London (Parliament Politics Magazine) – The UK Foreign Office has issued a caution to holidaymakers staying within the European Union for their holidays this autumn and winter.
UK tourists journeying to either France OR Germany have been alerted by the Foreign Office over new entry conditions. The Foreign Office has given a warning to holidaymakers staying within the EU for their vacations this autumn and winter.
What are the new entry conditions for Germany?
“There are temporary border rules in place to travel into Germany,” the FCDO clarified. “Check the entry requirements for Germany.” It said: “A temporary reintroduction of border controls is currently in position at Germany’s land borders.”
The Federal Ministry of the Interior and Community notified the European Commission in September that it has ordered the temporary reintroduction of border control at Germany’s land borders with France, Luxembourg, the Netherlands, Belgium and Denmark for six months, beginning September 16, 2024.
What prompted the UK Foreign Office’s warning?
Federal Minister of the Interior Nancy Faeser stated: “We are taking tangible action to reinforce our internal security, and we are taking a tough line against irregular migration. We are continuing to pursue this course. Until the new Common European Asylum System and other measures ensure robust protection for the EU’s external borders, we must also do more to maintain our national borders.

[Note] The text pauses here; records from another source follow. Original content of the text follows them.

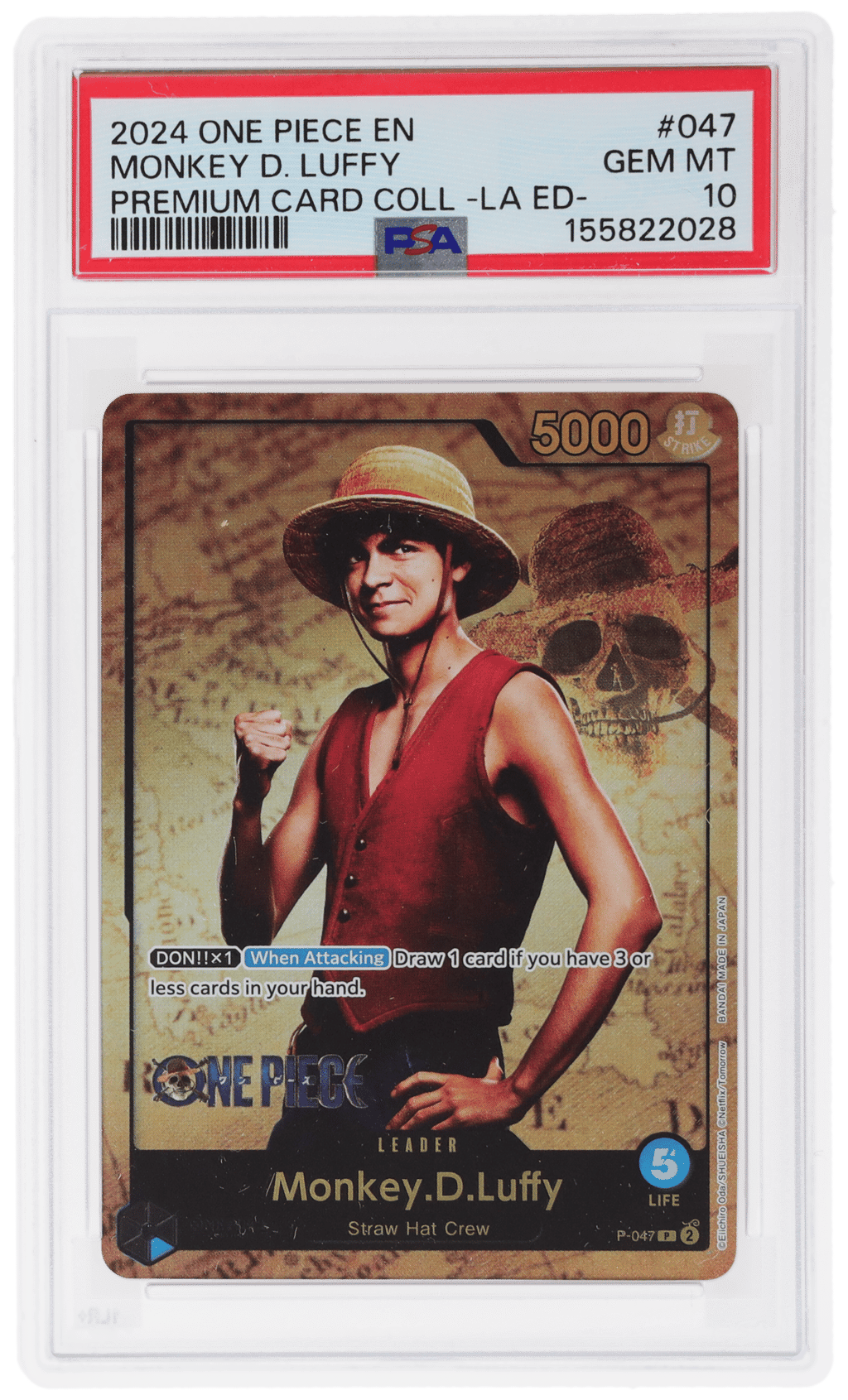 2024 One Piece Premium Card Collection Live Action Monkey D. Luffy #47 PSA 10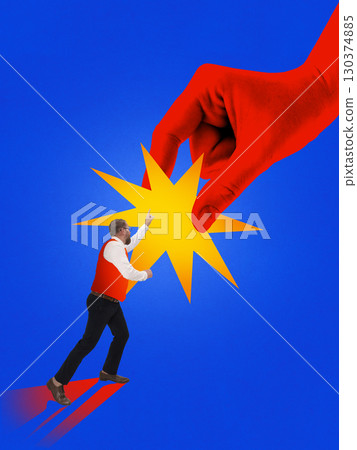 Contemporary composition. Small man resisting giant red hand of control with determination 130374885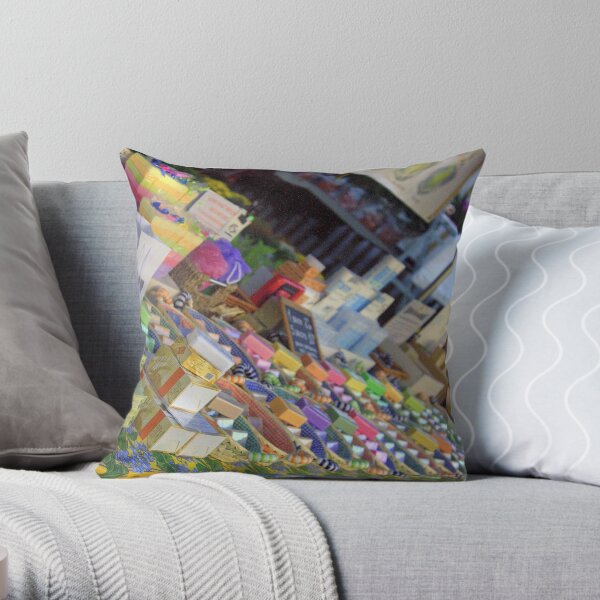 Soap stall Throw Pillow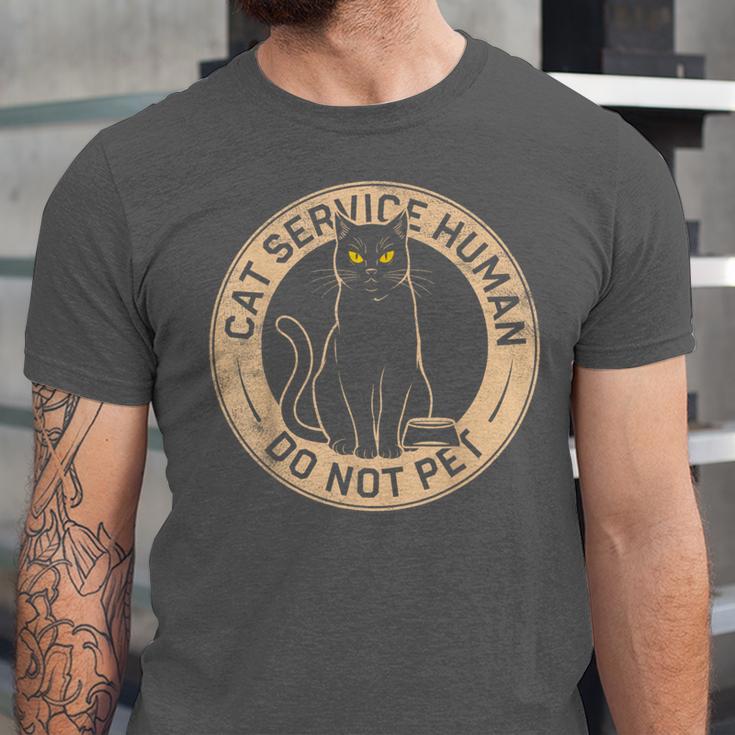 Cute Introvert Cat Service Human Do Not Pet Cat Joke Unisex Jersey T-Shirt
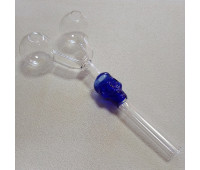 Стеклянная трубка для курения Skull Double Oil Blue Ø30 мм.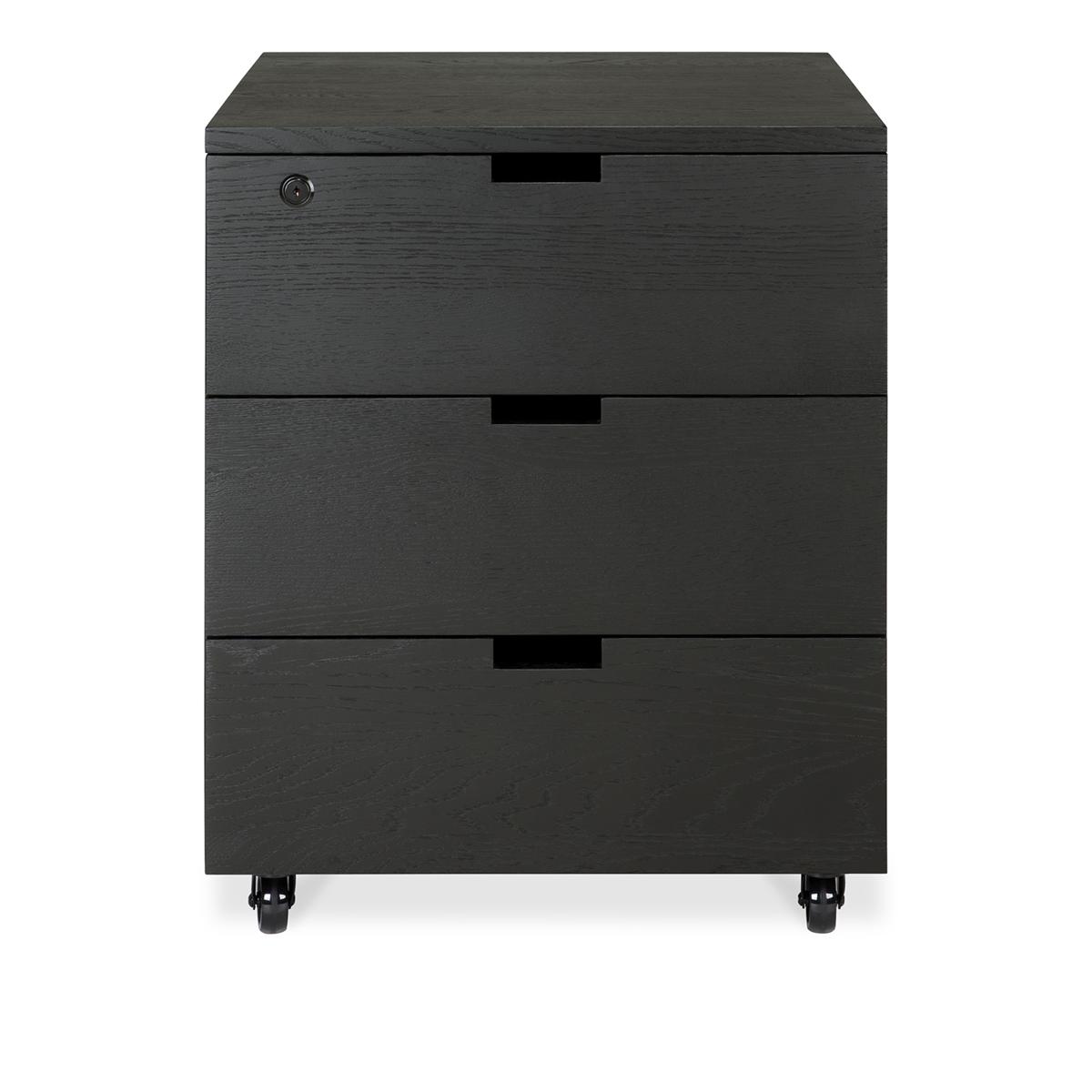 Ethnicraft - Billy Drawer Unit - Varnished Oak - Black - 3 Drawers - With Keylock - Byråer - Svart - Trä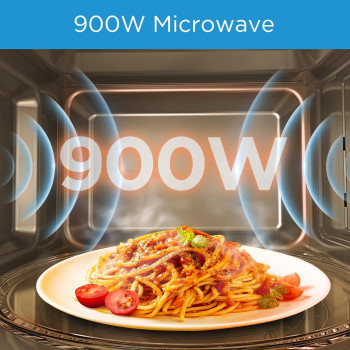 Midea 25L Microwave Oven With Digital Touch Control, 900W Power, Child-Safety-Lock, 10 Power Levels, LED Display with 30s Express Start, Grilling Roasting And Cooking Functions, EM925A2GU-SL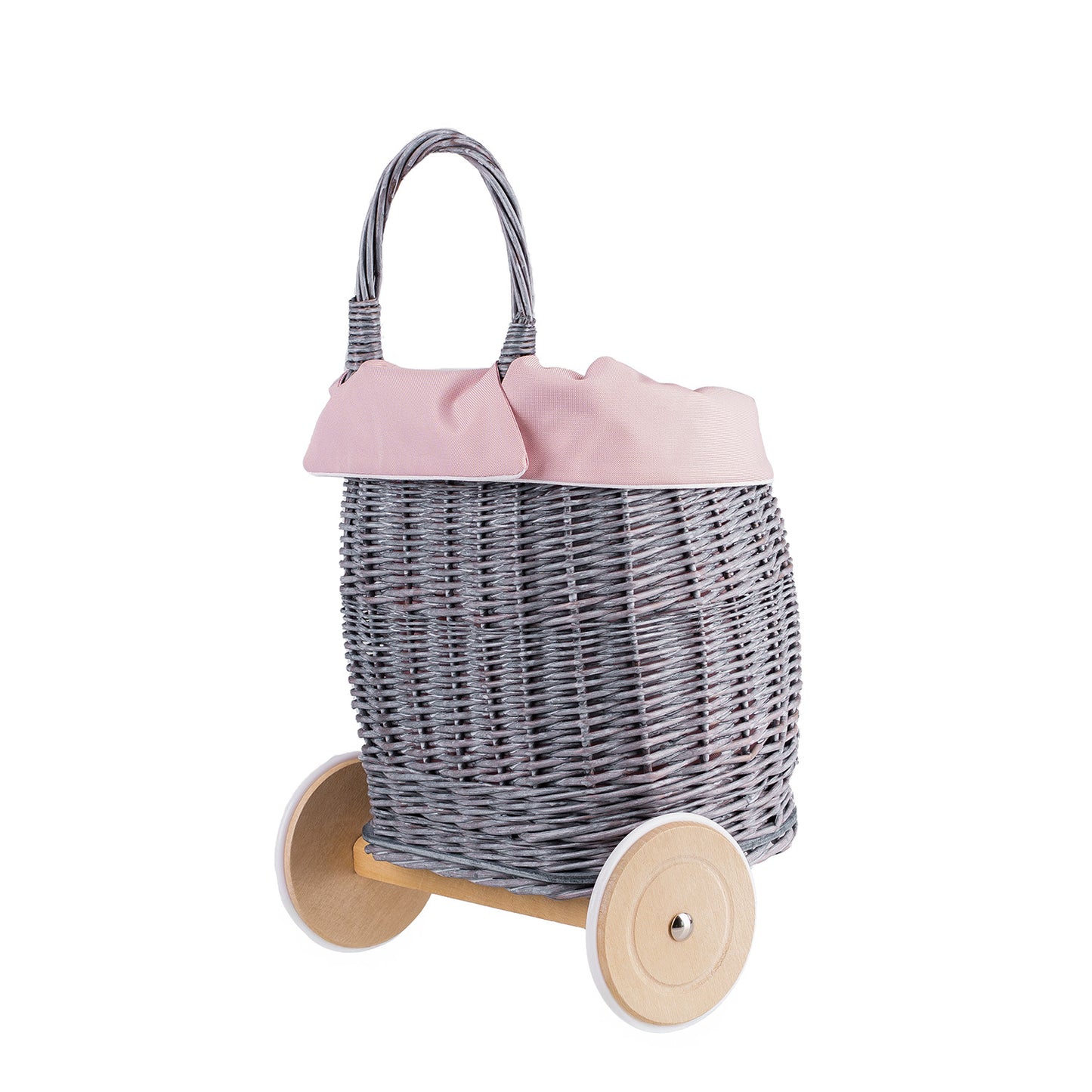 Luke wiklinowy wózek dla lalek z różowym obszyciem, z uchwytem i drewnianymi kołami TheWickerStories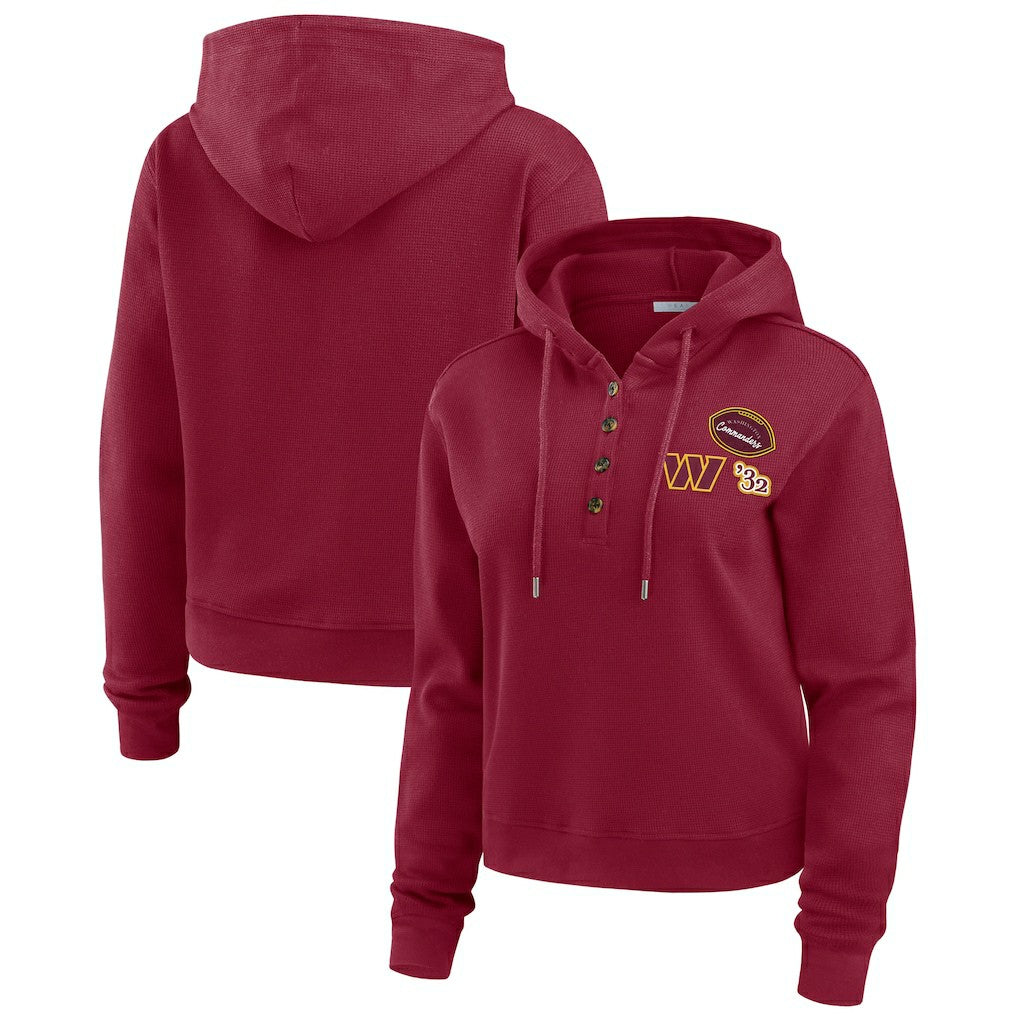 Washington Commanders WEAR by Erin Andrews Women's Waffle Hoodie Pullover Top - Burgundy Hoodies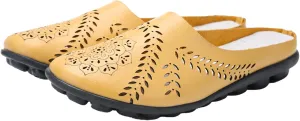 Womens Hollow Breathable Casual Mule Sandals Slip On Flat Loafers Outdoor Comfort Backless Slippers Hollow Slides Casual All-Match Summer Shoes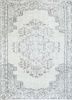 vintage ivory wool hand knotted Rug - HeadShot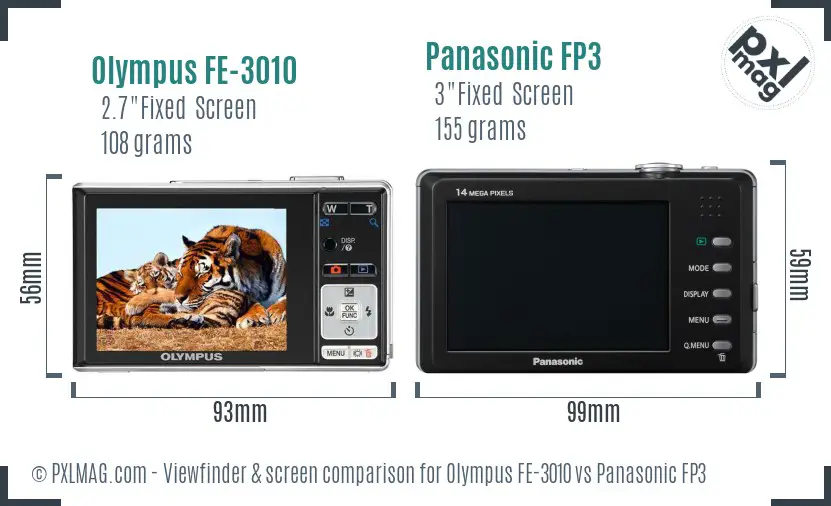 Olympus FE-3010 vs Panasonic FP3 Screen and Viewfinder comparison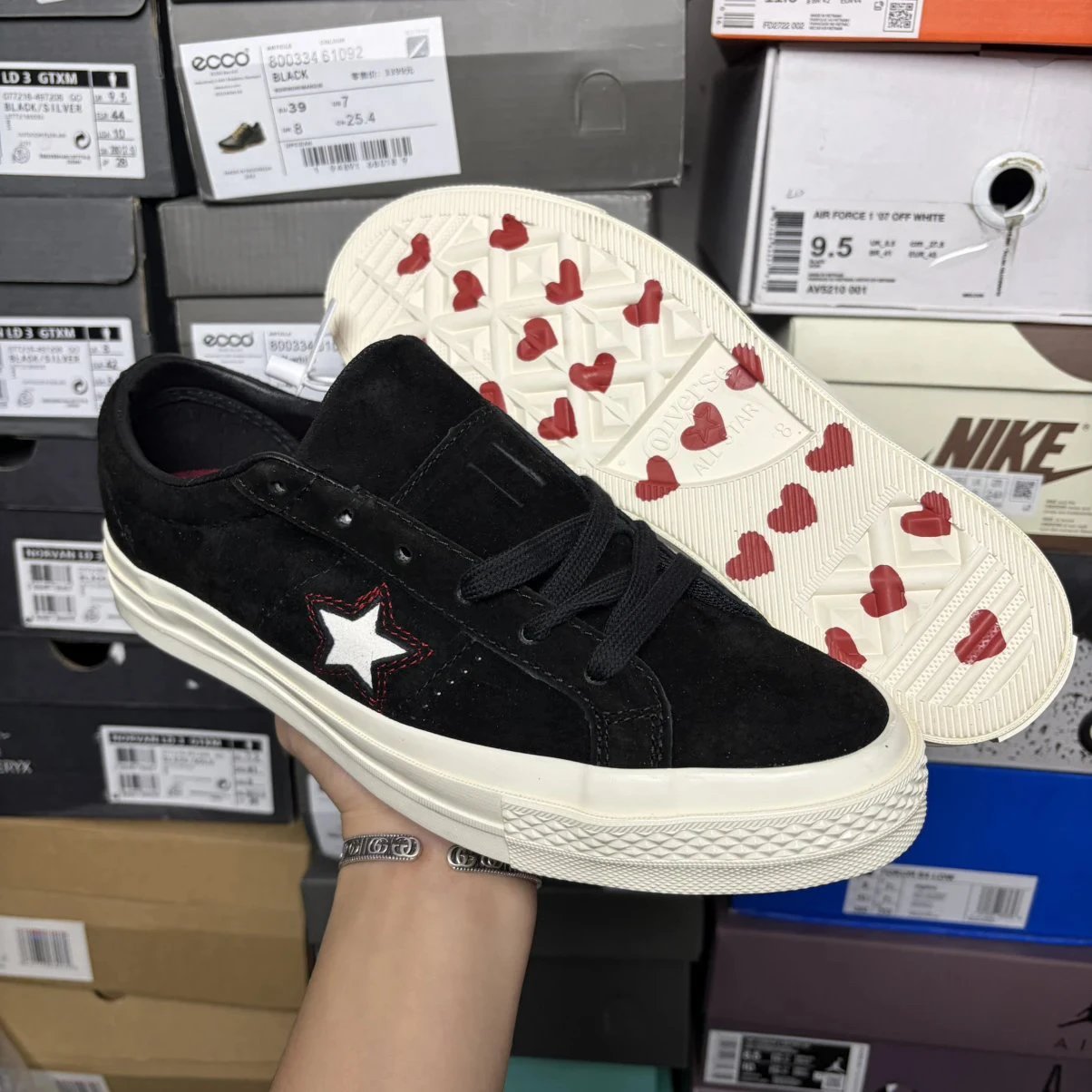 Converse One Star Black Suede with Red Heart Sole Sneakers Skateboard Shoes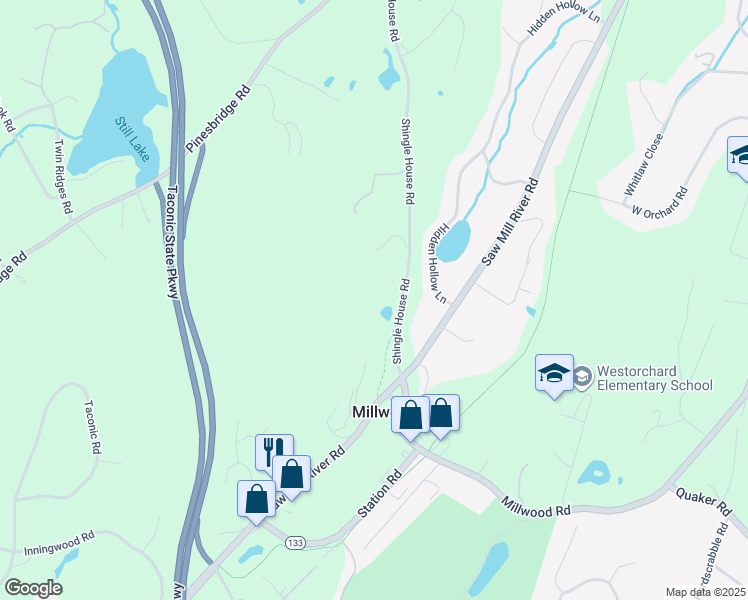 map of restaurants, bars, coffee shops, grocery stores, and more near 82 Shingle House Road in Millwood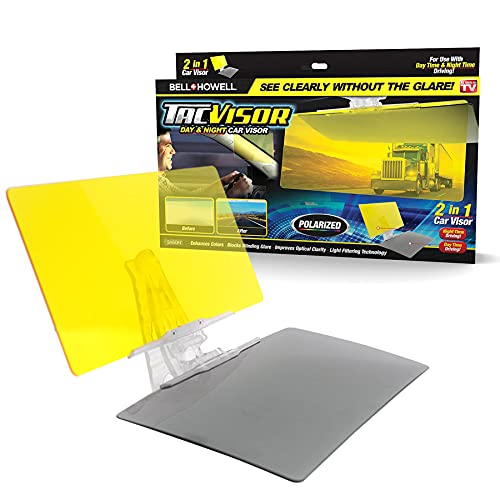 Tacvisor By Bell+Howell For Day And Night, Polarized Sun Visor, Anti-Glare, Uv Blocking Sun Protection Vehicle Windshield Sunsha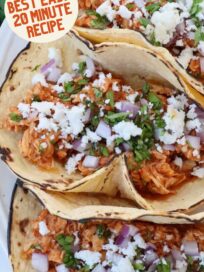 chicken tinga tacos on plate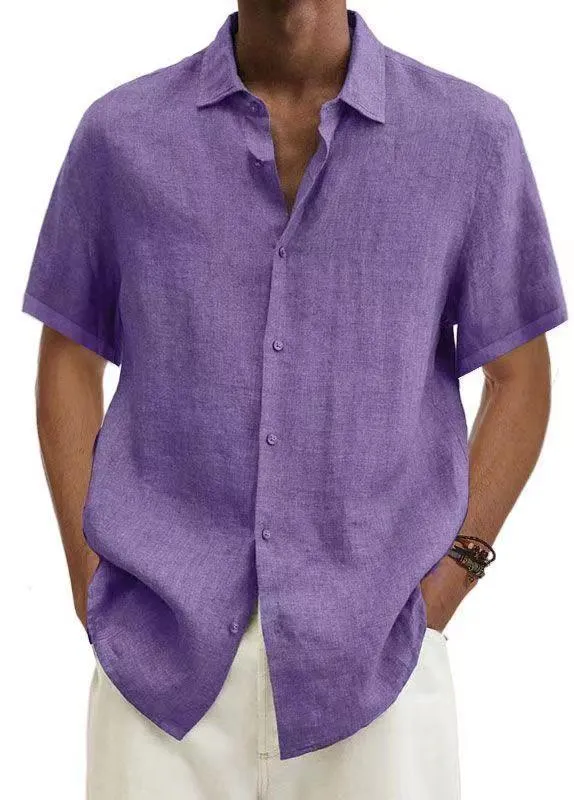 Uveng Uveng Explosion Summer V-Neck Button Cotton Cotton Pure Cotton Shirt Shirt Man Shirt Man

“These border control criteria include effective refusals of entry at the border – more than 30,000 people have been refused entry at the land borders with Poland, Austria, Switzerland and the Czech Republic just since October 2023. That is why we will extend our temporary border control to include all of Germany’s land borders, as I ordered today.”
The country’s interior minister also said the border checks would impede migration and “protect against the acute dangers presented by Islamist terrorism and serious crime,” but critics have condemned it as politically motivated and likely to be mostly ineffective. Greece’s prime minister, Kyriakos Mitsotakis, stated it would be unfair to “move to a logic of ad hoc exemptions from the Schengen agreement, with border authorities that will … hurt one of the fundamental achievements of the EU.”